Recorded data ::
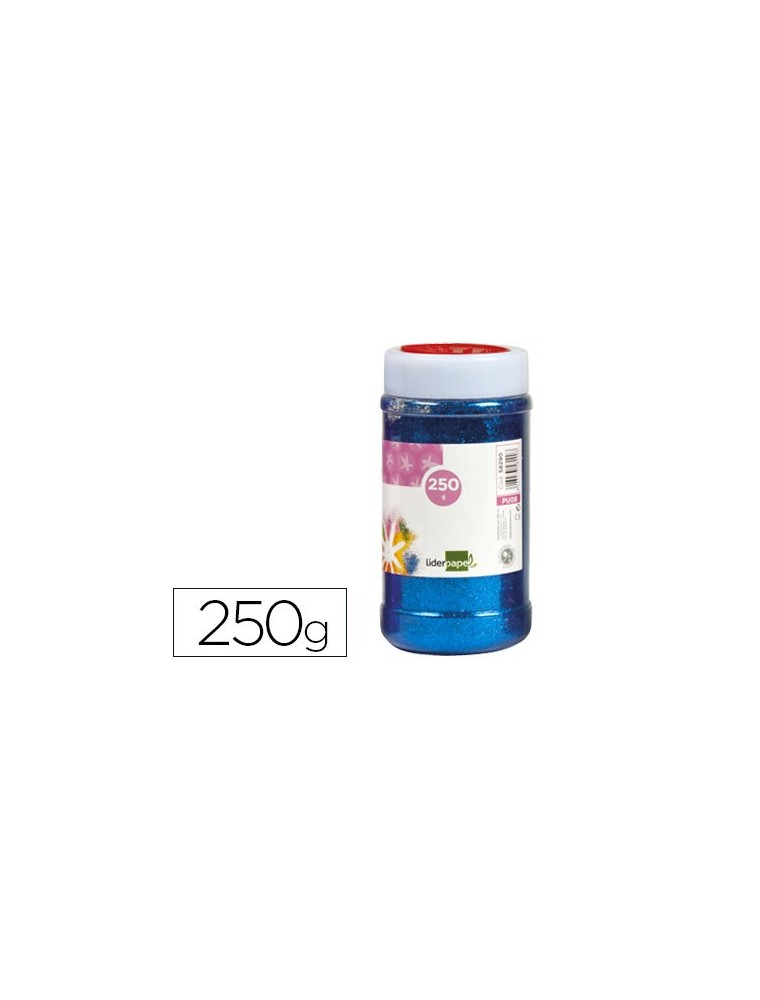 Purpurina liderpapel fantasia color azul metalizado bote de 250 gr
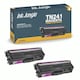 image 4 of 2x Compatible Brother TN241 Magenta Toner Cartridges Pink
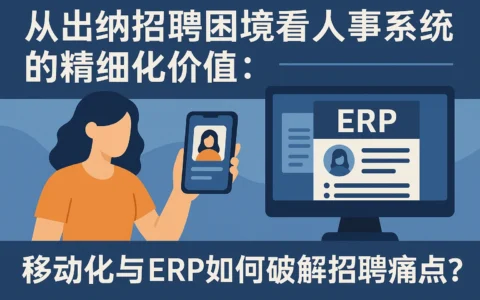 从出纳招聘困境看人事系统的精细化价值：移动化与ERP如何破解招聘痛点？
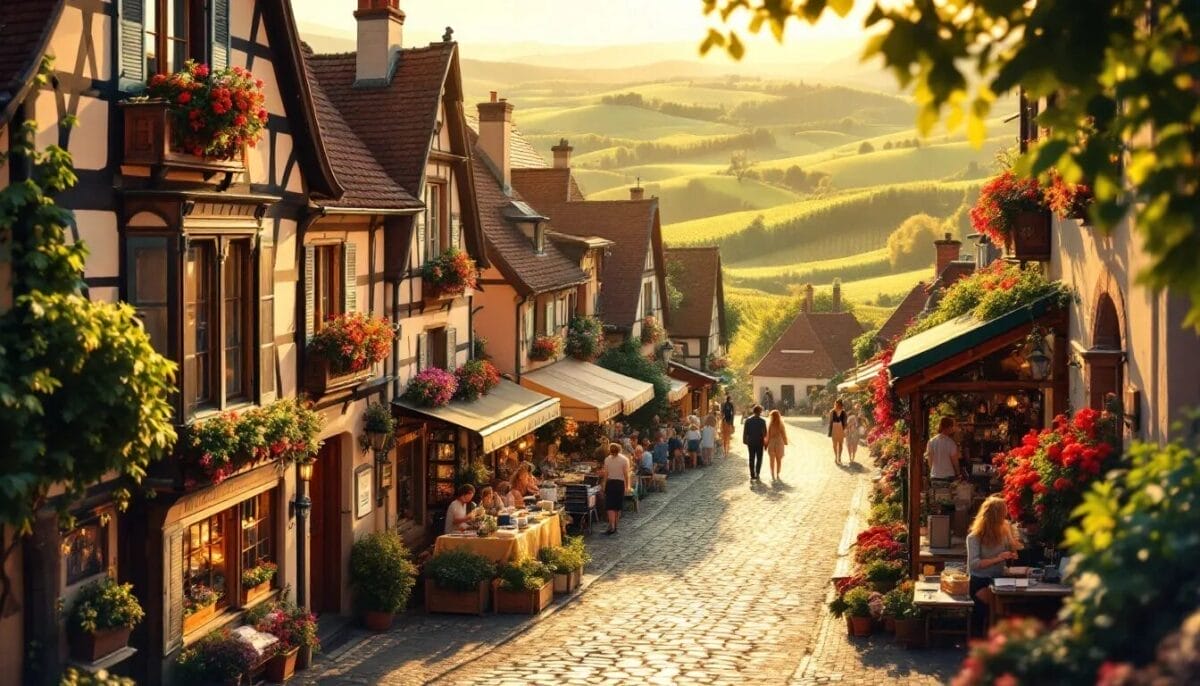 Gemütliche Unterkünfte in Ribeauvillé, die den Charme der Stadt widerspiegeln.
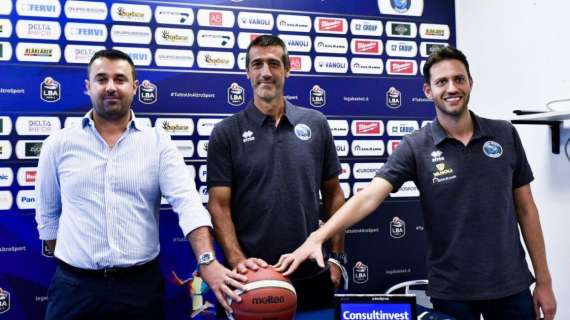 LBA - Gigi Brotto si è presentato alla stampa: “Alla Vanoli con la stessa carica di un tempo”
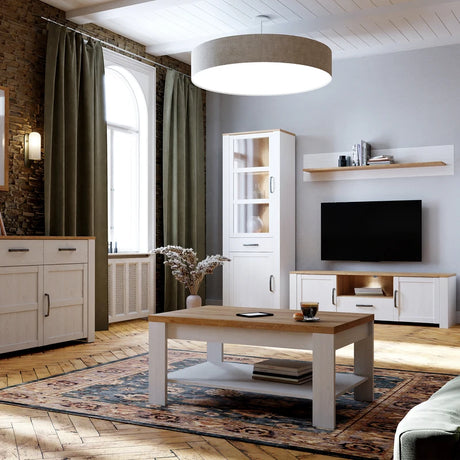 Bohol Coffee Table in White/Riviera Oak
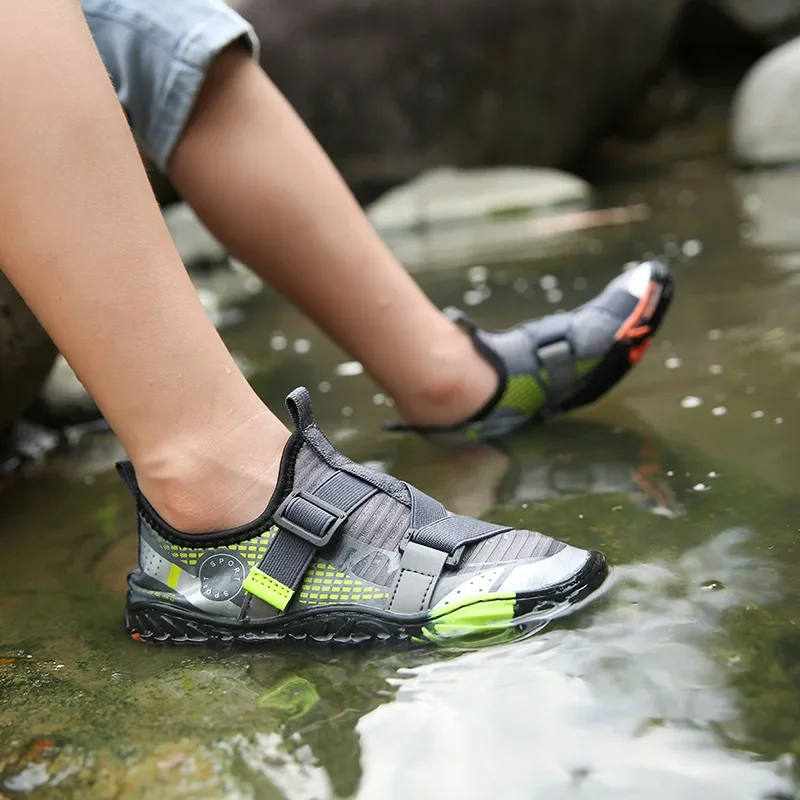 Water Shoes Men Children Beach Aqua Shoes Quick Dry Breathable Light Water Sports Shoe Non Slip Kids Fishing Surf Wading Sneaker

TASK PROMPT :: Print the records above again exactly. Leave out the images.

PROBLEM SOLUTION ::
 Purpurina liderpapel fantasia color azul metalizado bote de 250 gr
 image 4 of 2x Compatible Brother TN241 Magenta Toner Cartridges Pink
 从出纳招聘困境看人事系统的精细化价值：移动化与ERP如何破解招聘痛点？
 Gemütliche Unterkünfte in Ribeauvillé, die den Charme der Stadt widerspiegeln.
 LBA - Gigi Brotto si è presentato alla stampa: “Alla Vanoli con la stessa carica di un tempo”
 Bohol Coffee Table in White/Riviera Oak
 Water Shoes Men Children Beach Aqua Shoes Quick Dry Breathable Light Water Sports Shoe Non Slip Kids Fishing Surf Wading Sneaker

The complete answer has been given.